Western governments now demand that OPEC produce more while, at the same time, saying that their nations will not use fossil fuels in ten years. This is the imaginary deal that we, in the West, offer to oil and gas producing nations: “Dear oil and gas producers, you have to produce as much as we demand and sell it cheap, investing billions of dollars in development, but we will not use your product in ten years”. I imagine there is no rush to sign such a deal.
It is hard to believe that the global emerging market producers will be thrilled about the prospect of eliminating their energy exports only to import more “energy transition” engineering from developed nations.
According to OPEC sources, there could be a two-million barrel-per-day supply shock in the winter of 2023. Other analysts are more prudent but still see a market that is tight today and may be getting worse as the underinvestment toll becomes more apparent.
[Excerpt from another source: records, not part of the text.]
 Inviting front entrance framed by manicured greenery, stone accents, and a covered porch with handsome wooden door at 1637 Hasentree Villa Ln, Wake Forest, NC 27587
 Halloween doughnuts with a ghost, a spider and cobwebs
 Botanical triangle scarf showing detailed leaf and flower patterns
The entire bounce in oil prices since May is driven by the rushed decision of central banks to stop the monetary tightening before the inflation battle has ended and by the misguided decision to limit investments in domestic resources in the middle of a geopolitical battle without a clear alternative. Governments have created their own supply shock by placing ideological views in the energy industry. The alternatives are not evident yet; technology and availability have not been fully developed, but politicians have already decided when the transition must be completed.
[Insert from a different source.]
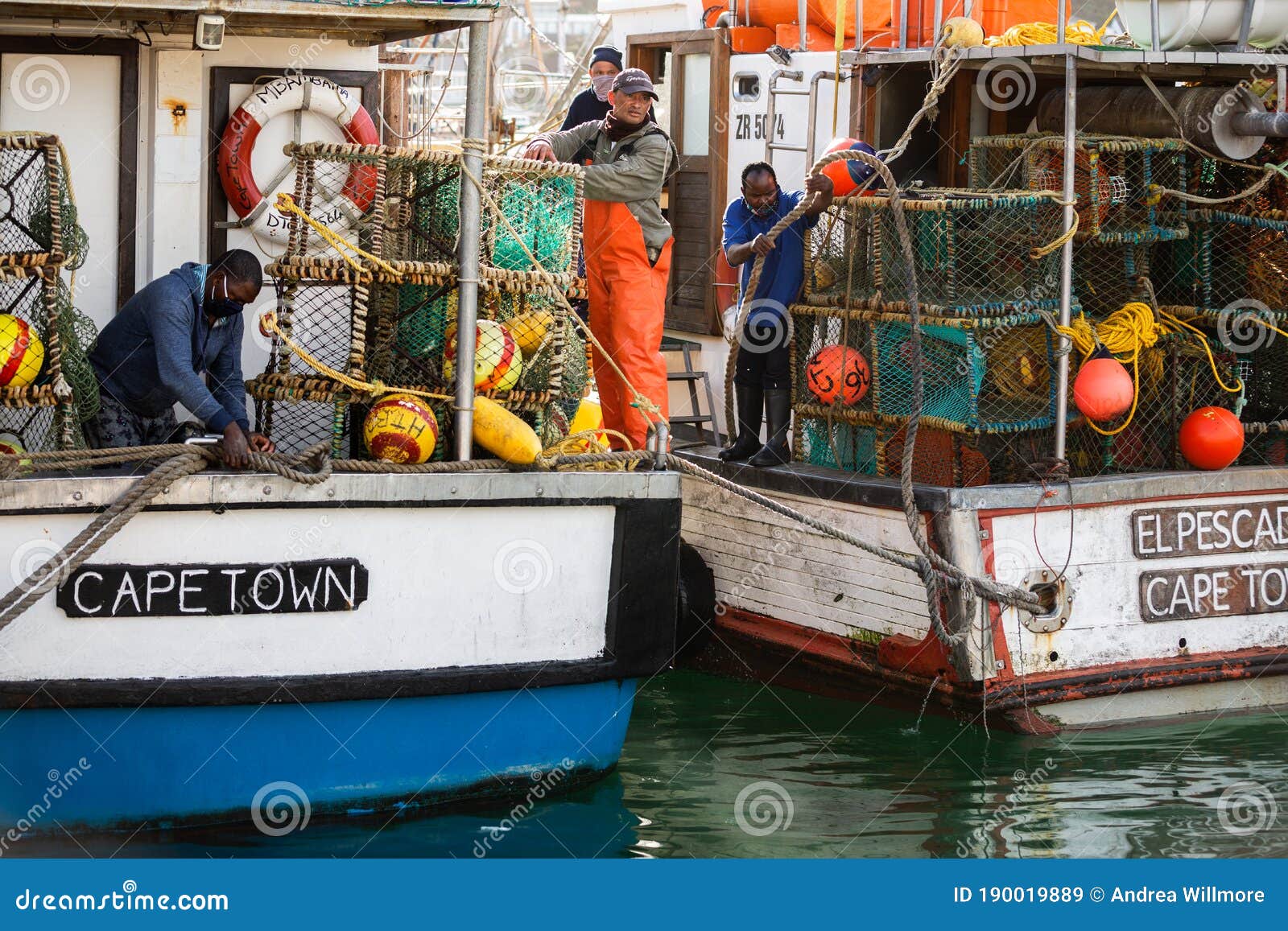 Fishermen in Kalk Bay Harbour during Pandemic Editorial Stock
Crude oil did not replace whale oil due to the decisions of environmentalists or politicians. Crude oil displaced other sources of energy because it was easier to store, produce, and transport. Crude oil and natural gas proved to be abundant, easy to manage, and economically efficient. This is the first time in human history that the energy transition has been decided by politicians without allowing technology, competition, or human ingenuity to come up with a better, more flexible, and more economical alternative. Renewables are great, but they are intermittent and volatile. We need to allow the world to produce alternatives when they can truly replace the current energy resources without destroying our lifestyle and economy.
We may blame OPEC for rising oil prices, but the fact is that they only react to weak demand and low prices. OPEC may increase production at its next meeting, but the reality is that the energy supply issues have been created by Western governments and may persist. Instead of allowing all sources of energy to compete and allocation of capital to generate the investments needed for security of supply and energy transition, what has happened is that we may have created an energy crisis by political design. The alternatives are not ready, and the domestic resources that could limit prices have been banned or severely limited.
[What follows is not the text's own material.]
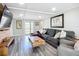 Living room with a large grey sectional, french doors, wood-look floors and wood accent wall at 4231 8Th N St, St Petersburg, FL 33703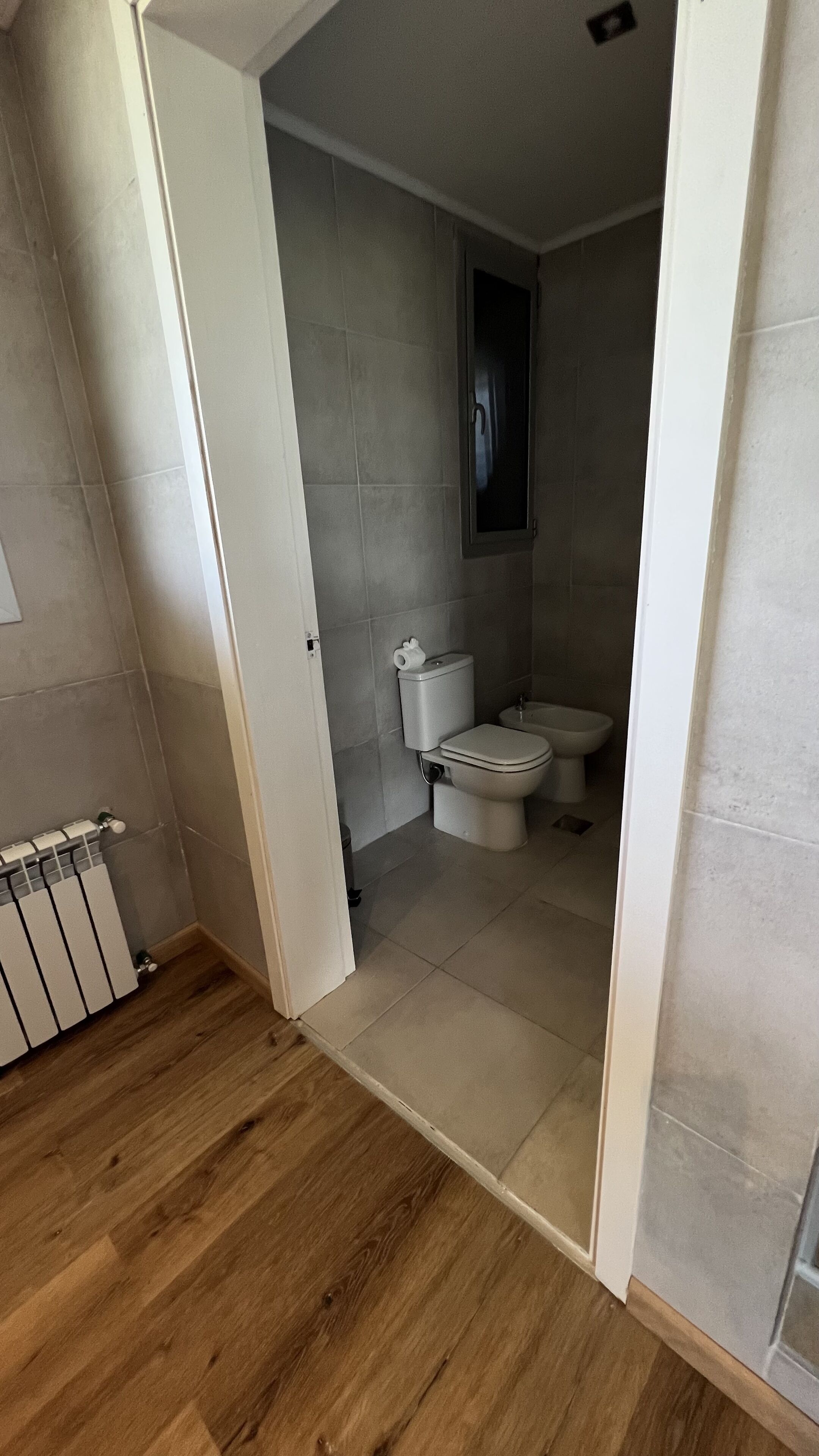 A bathroom with a toilet, bidet, and a radiator.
The irony is that anyone who understands energy knows that there is no successful energy transition without natural gas and nuclear, and this requires incentives to invest in energy security. Governments will not back down, and they will prefer a decline in energy prices coming from a deep recession to an improvement coming from diversification and investment.
This may be yet another energy crisis created by political design. Unfortunately, instead of learning and changing, many developed nations’ policymakers will prefer to impose restrictions on consumers. Ultimately, the incorrect planning of this energy transition is not a question of energy sovereignty or climate change, but a way to control citizens. That is why many governments prefer to see soaring energy prices, because that will allow them to impose restrictions on consumers.